**Problem statement:** Every line of the material that includes the word "with" is to be shown.

(Data)

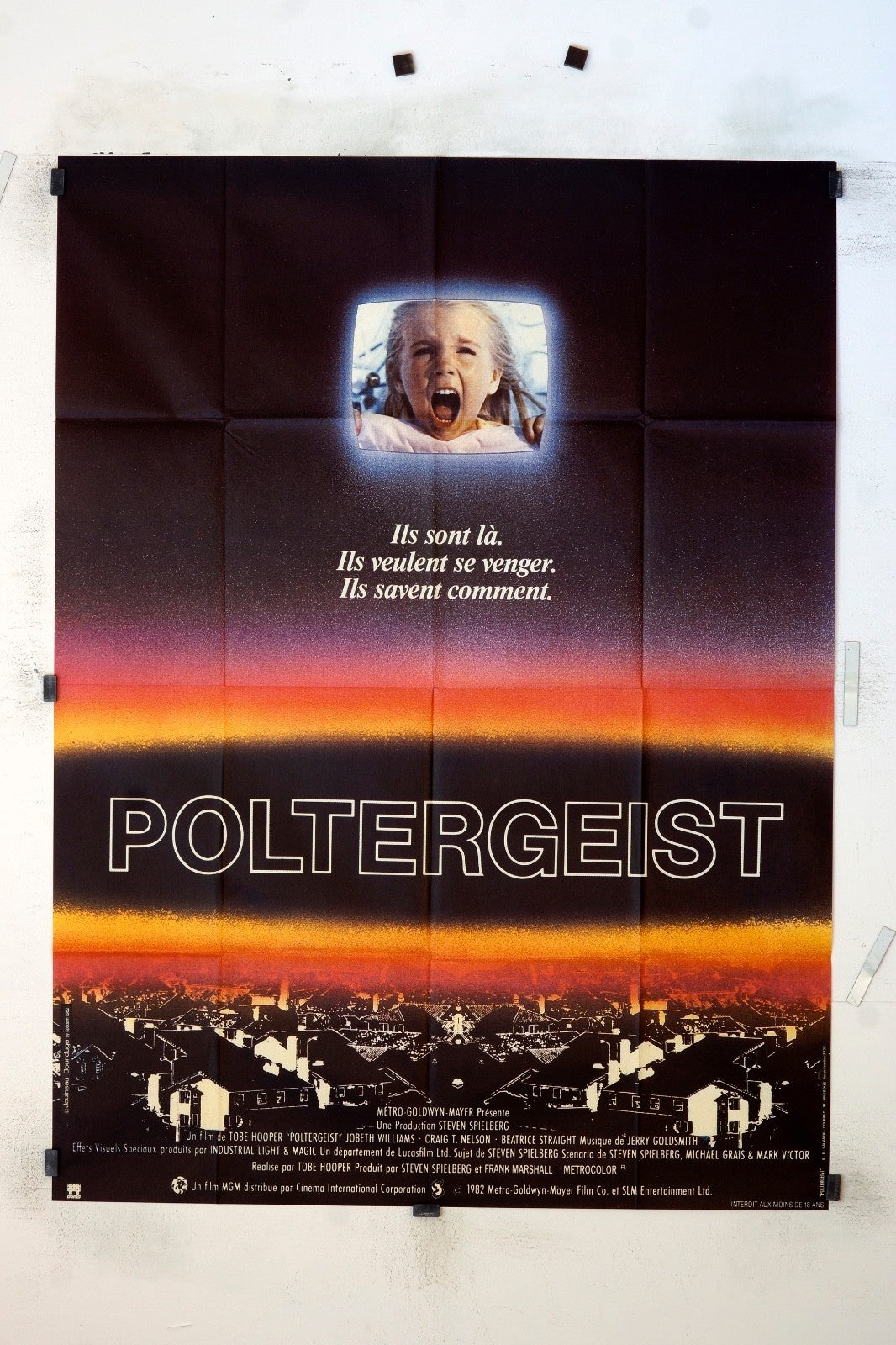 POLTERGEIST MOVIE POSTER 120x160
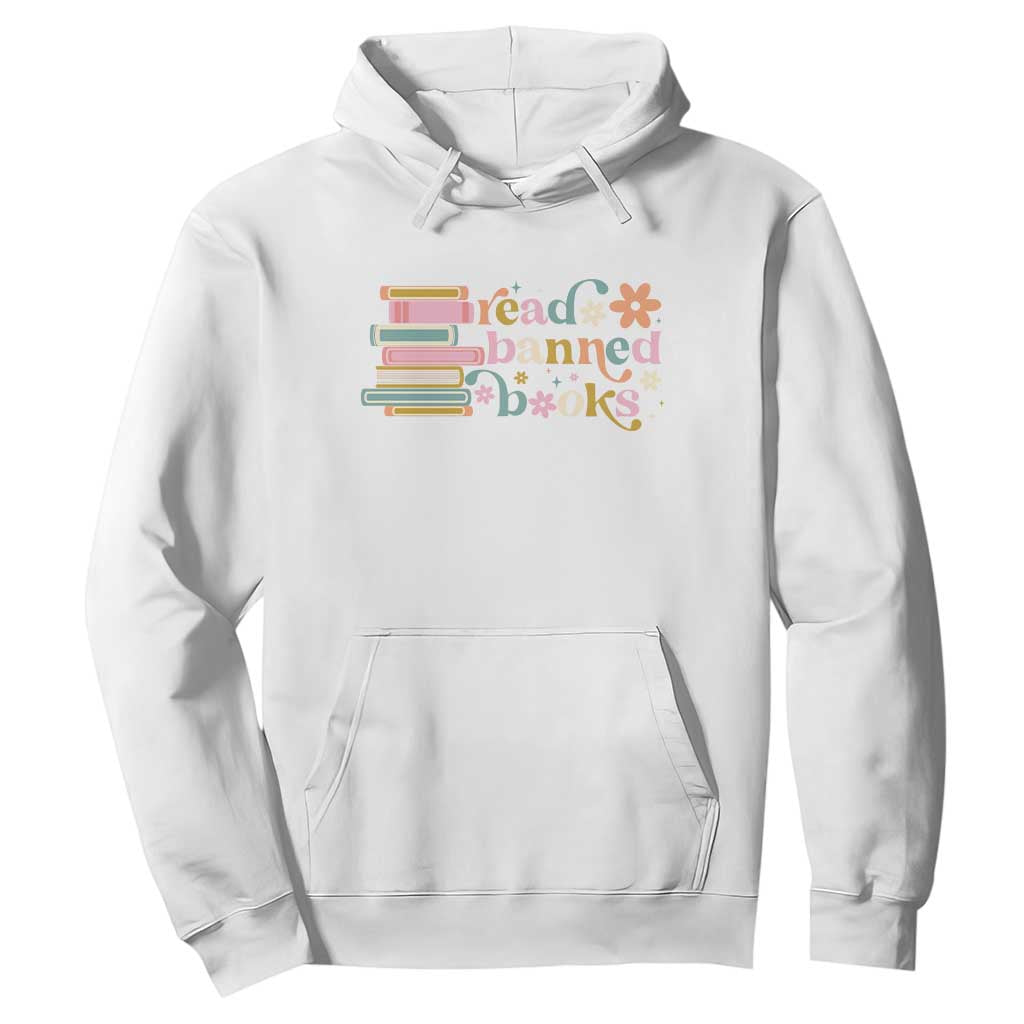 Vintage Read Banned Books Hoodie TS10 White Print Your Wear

(End Data)
(Data)

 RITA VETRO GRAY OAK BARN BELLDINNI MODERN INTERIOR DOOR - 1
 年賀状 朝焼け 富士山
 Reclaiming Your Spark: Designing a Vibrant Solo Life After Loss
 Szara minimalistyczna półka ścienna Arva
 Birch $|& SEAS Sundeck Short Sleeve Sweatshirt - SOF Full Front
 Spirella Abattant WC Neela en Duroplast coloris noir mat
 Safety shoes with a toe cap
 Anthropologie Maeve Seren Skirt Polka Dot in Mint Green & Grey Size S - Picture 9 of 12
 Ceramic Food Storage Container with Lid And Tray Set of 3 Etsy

(End Data)
(Data)

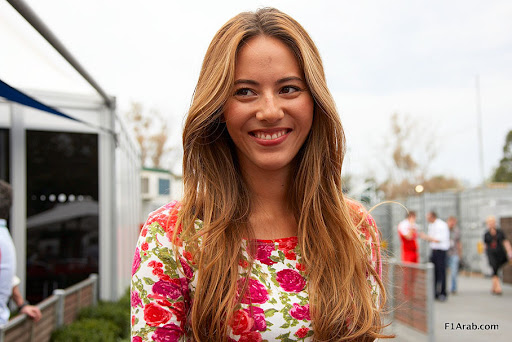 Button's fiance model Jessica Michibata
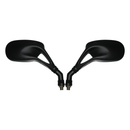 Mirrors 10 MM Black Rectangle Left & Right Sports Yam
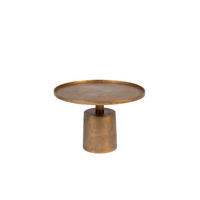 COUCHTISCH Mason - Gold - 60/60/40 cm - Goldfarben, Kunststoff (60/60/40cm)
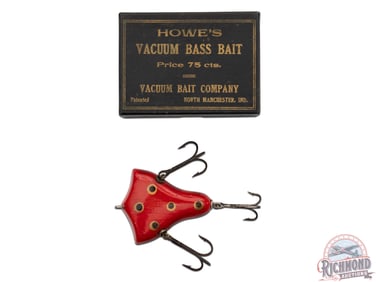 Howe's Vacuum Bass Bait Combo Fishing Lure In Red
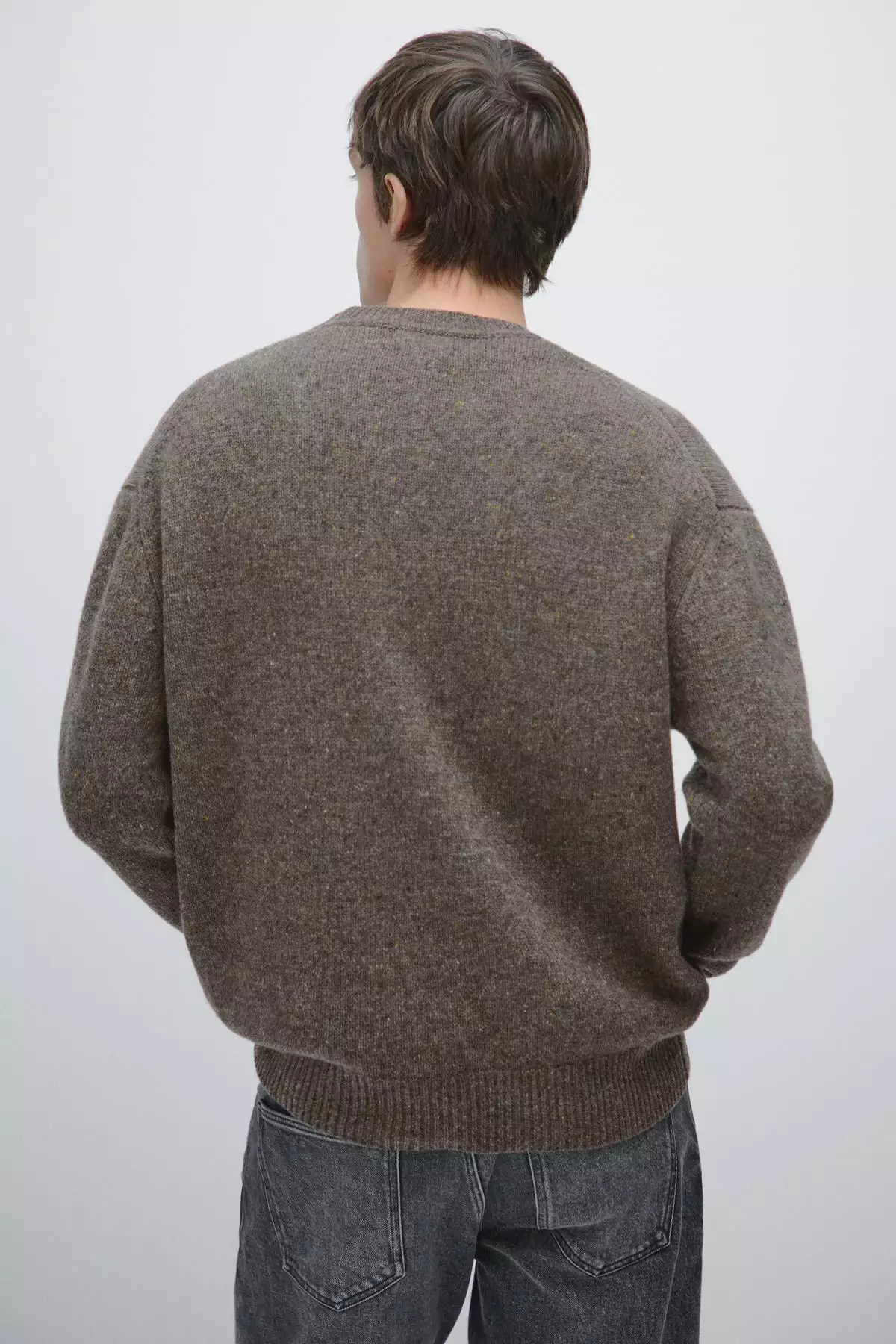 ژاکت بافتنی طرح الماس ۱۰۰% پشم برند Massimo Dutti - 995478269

(End Data)

**Expected output:**
 Safety shoes with a toe cap
 Ceramic Food Storage Container with Lid And Tray Set of 3 Etsy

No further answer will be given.